Speculative Parallel Rejection Sampling in ML-DSA Signing
Speculative Parallel Rejection Sampling in ML-DSA Signing
ML-DSA signing uses the Fiat-Shamir with Aborts construction. The signer picks a random masking vector y, computes a candidate signature, checks norm bounds, and either accepts or discards and retries. The acceptance probability per attempt is roughly 19.6% for ML-DSA-65, meaning the signer needs about 5.1 iterations on average. The distribution is geometric with a real tail - reaching the 99th percentile requires around 21 iterations.
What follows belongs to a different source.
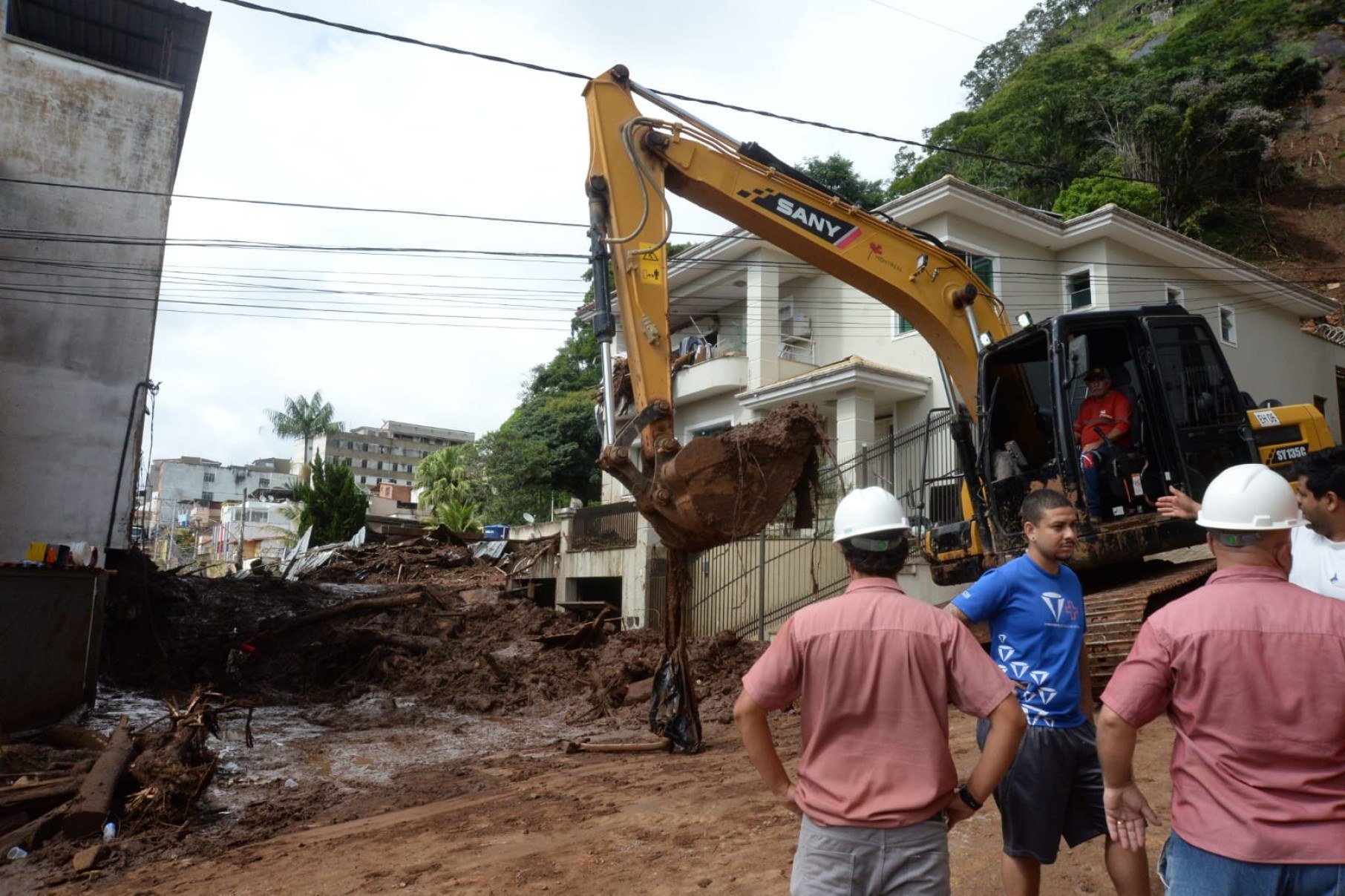 Escavadeiras retiram lama de ruas atingidas por deslizamento em Juiz de Fora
This is a latency problem. Each iteration is fast (50-200us with AVX2-optimized NTT and 4-way Keccak), but the variable number of retries creates unpredictable signing times. For a system budgeting 1ms and hitting a 99th-percentile case at 2.1ms, that’s a missed deadline.
The idea: speculative parallel attempts
Each rejection sampling iteration is independent. Different iterations use different random y values (parameterized by the loop counter kappa in FIPS 204). Nothing prevents running multiple iterations concurrently and taking the first one that succeeds.
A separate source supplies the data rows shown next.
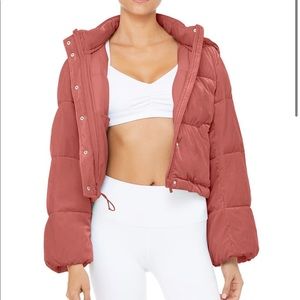 Alo Yoga Velvet Puffer
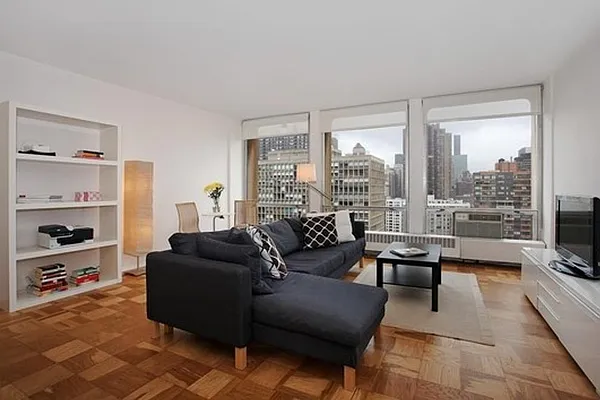 Rented by Corcoran | media 17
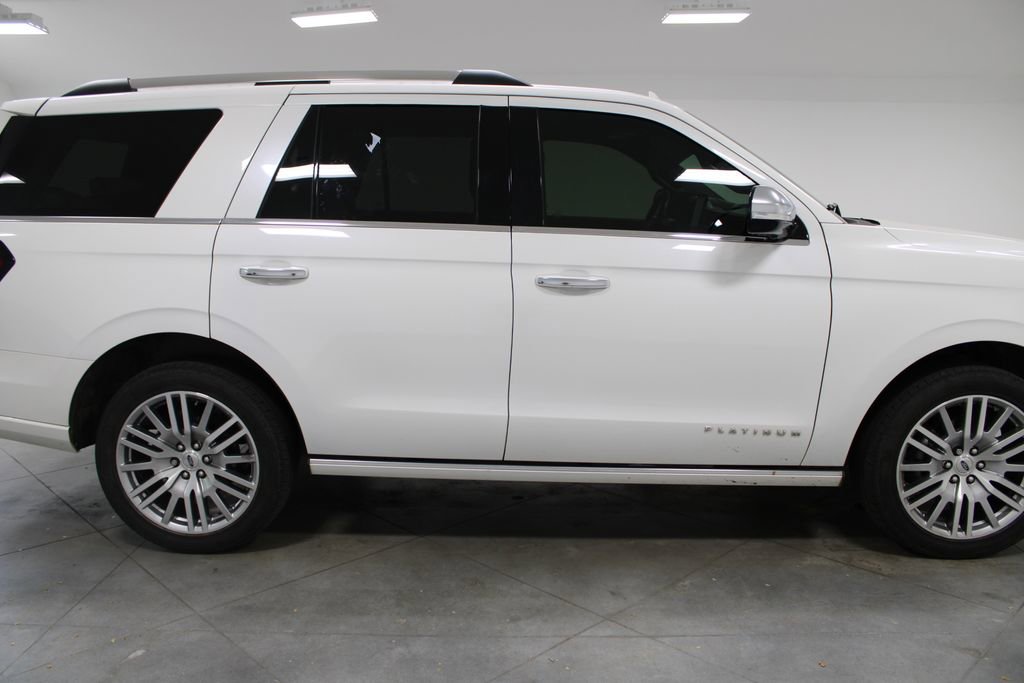 Used 2024 Ford Expedition Platinum image 11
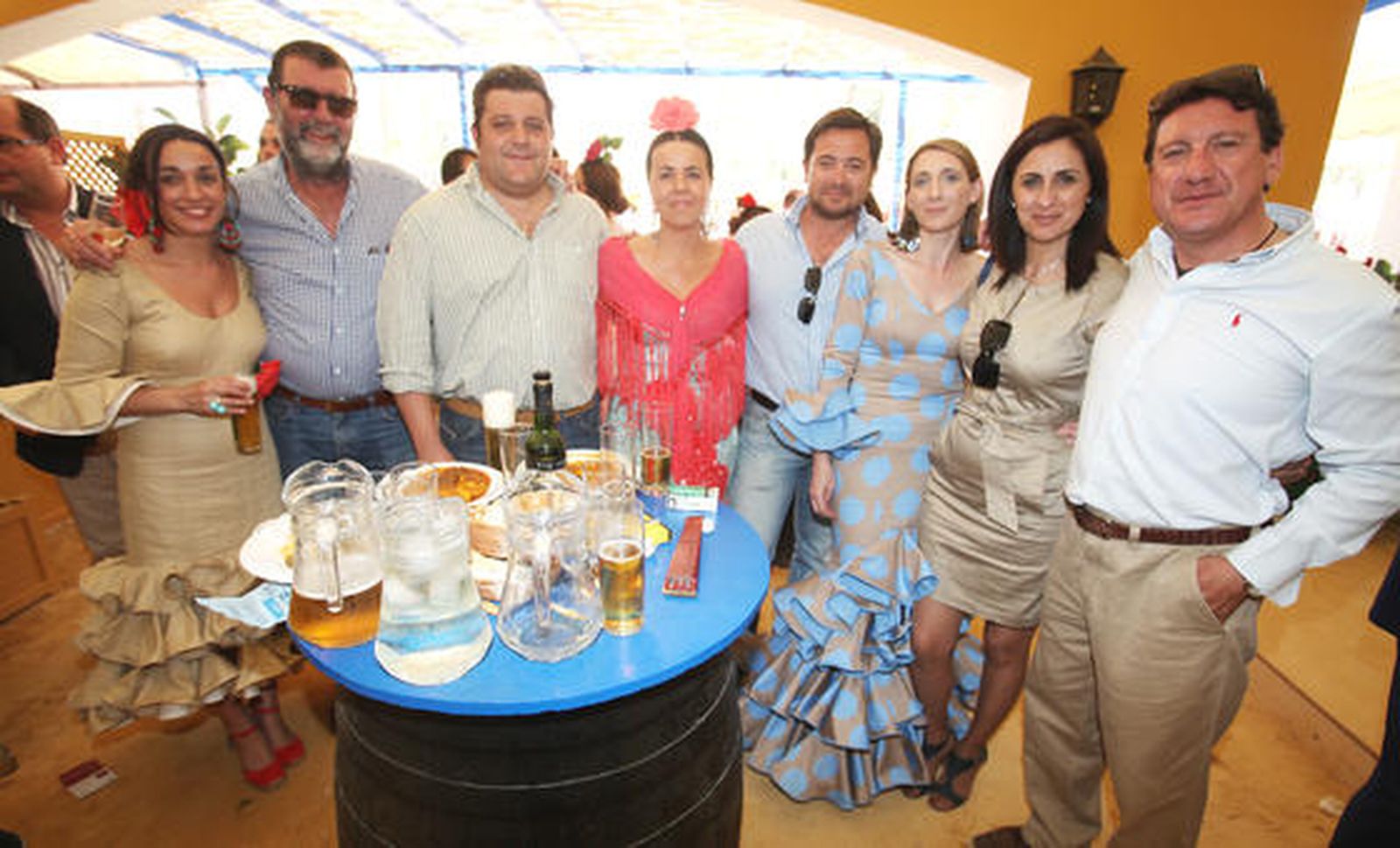 Paca Vargas; Rafael Cubiella; David Rubio; María José Vázquez; Emilio Fernández; Teresa Mejías; y Manuel Pascual, jefe de la edición gráfica, ayer en la caseta del Diario.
With k=8 parallel threads, the probability that at least one succeeds per round is 1-(1-p)^8. For ML-DSA-65 (p=0.196), that’s about 83% per round, giving an expected 1.2 rounds to produce a valid signature. Wall-clock speedup: roughly 4.2x. The tail collapses dramatically - what sequentially required 10+ iterations to reach 89% confidence is achieved in a single parallel round.
The tradeoff is compute: 8 threads x 1.2 rounds = ~9.6 iterations of total work versus ~5.1 sequentially. Throughput drops by about 1.9x. This is a latency-for-throughput trade, worth it when cores are available and signing latency matters.
Implementation
The computation per iteration is small, so thread management overhead matters. Two practical approaches:
In C, OpenMP with a persistent thread pool and active wait policy (OMP_WAIT_POLICY=active) gives near-zero dispatch latency. Threads spin between parallel regions, an atomic flag signals completion, and losers drain out. This is three lines of pragmas on top of existing signing code.
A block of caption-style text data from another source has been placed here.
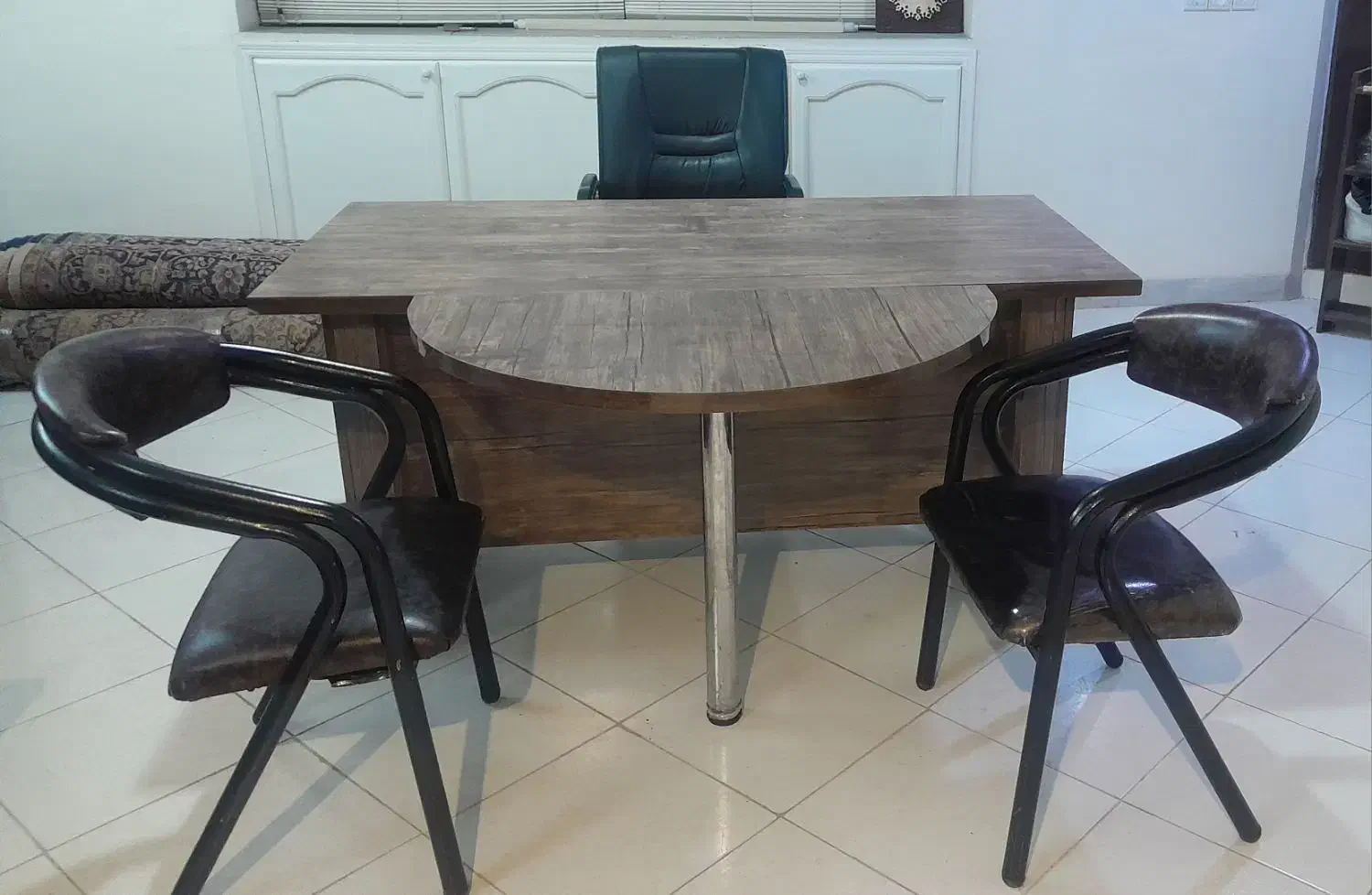 میز مدیریتی جزیره دار بعلاوه صندلی|دفتر کار|مشهد, بهاران|دیوار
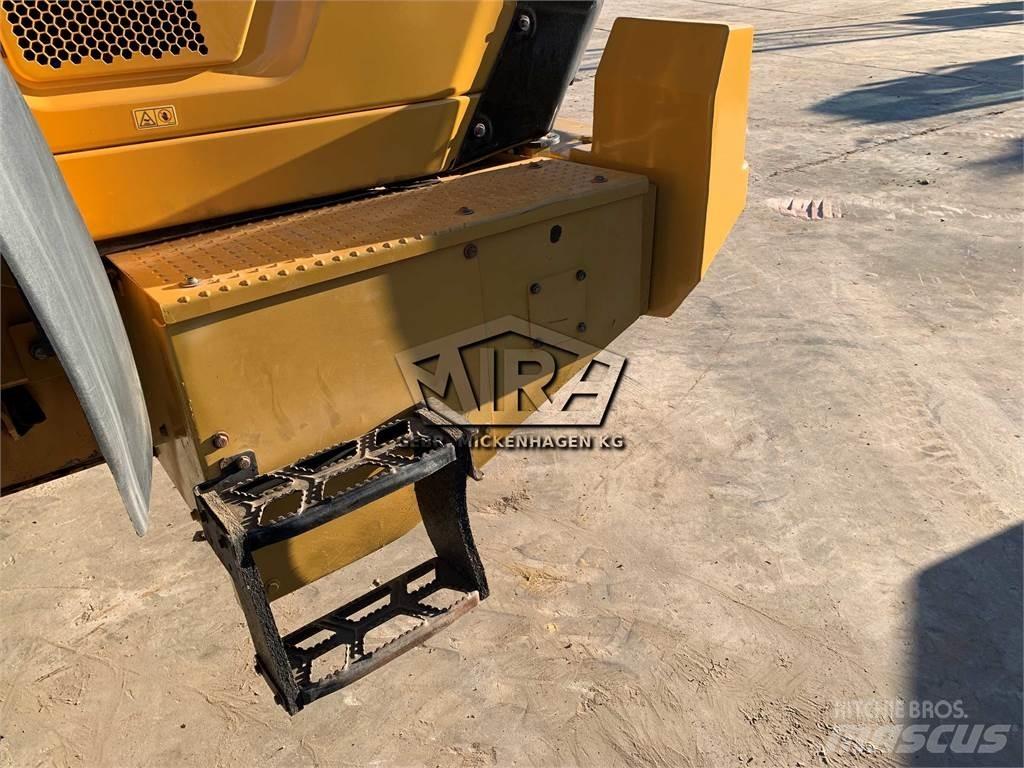 CAT 980M Iekrāvēji uz riteņiem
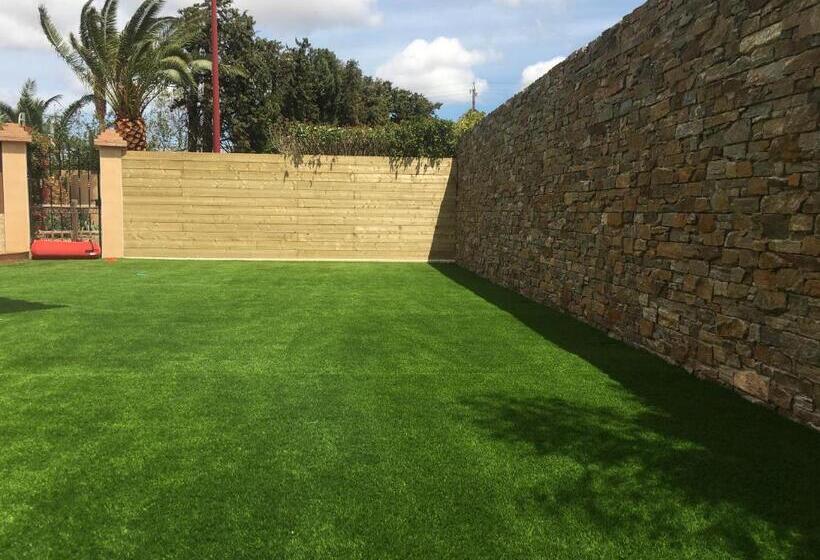 פנסיון Chez Delphine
In Rust, rayon’s scoped parallelism with an AtomicBool cancellation flag is the idiomatic choice. Threads park via futex rather than spinning, adding a few microseconds of wake-up latency – negligible against a 50-200us iteration. No spin-wait thread pool crate currently exists in the Rust ecosystem; a custom one is ~50 lines but rarely justified.
The critical implementation detail: each thread needs its own RNG state and keccak context. Assign non-overlapping kappa ranges (thread 0 gets kappa=0,8,16,…; thread 1 gets kappa=1,9,17,…) to ensure independent randomness without sharing mutable state.
What about SIMD?
SIMD parallelism (AVX2 4-way Keccak, AVX-512 NTT vectorization) is already used within each iteration to accelerate the internal polynomial arithmetic and hashing. It is orthogonal to thread-level parallelism across iterations. The two compose: 8 threads each running AVX2-optimized iterations gives you both fast individual iterations and parallel speculative attempts.
Prior work
The idea of parallel speculative rejection sampling appears in the threshold ML-DSA literature. TOPCOAT (Agrawal et al.) runs theta parallel signing iterations to avoid expensive communication-round restarts. The “Efficient Threshold ML-DSA” paper (NIST 6th PQC Conference, 2025) similarly runs K>1 iterations in parallel per party. Seo and An implemented parallel Dilithium signing on an embedded GPU for autonomous driving, achieving 19.41x speedup on NVIDIA Jetson AGX Xavier using rejection sequence tables and parallel NTT.
For standard (non-threshold) ML-DSA on multi-core CPUs, the approach is straightforward and effective but appears underexplored in the literature. The geometric distribution of signing attempts makes it a natural fit for speculative execution, and modern hardware with 8+ cores and per-core L1/L2 caches eliminates the traditional objections around cache contention.
Summary
The goal of this blog is to describe my next project. The results will be reported shortly, hopefully with the Rust implementation.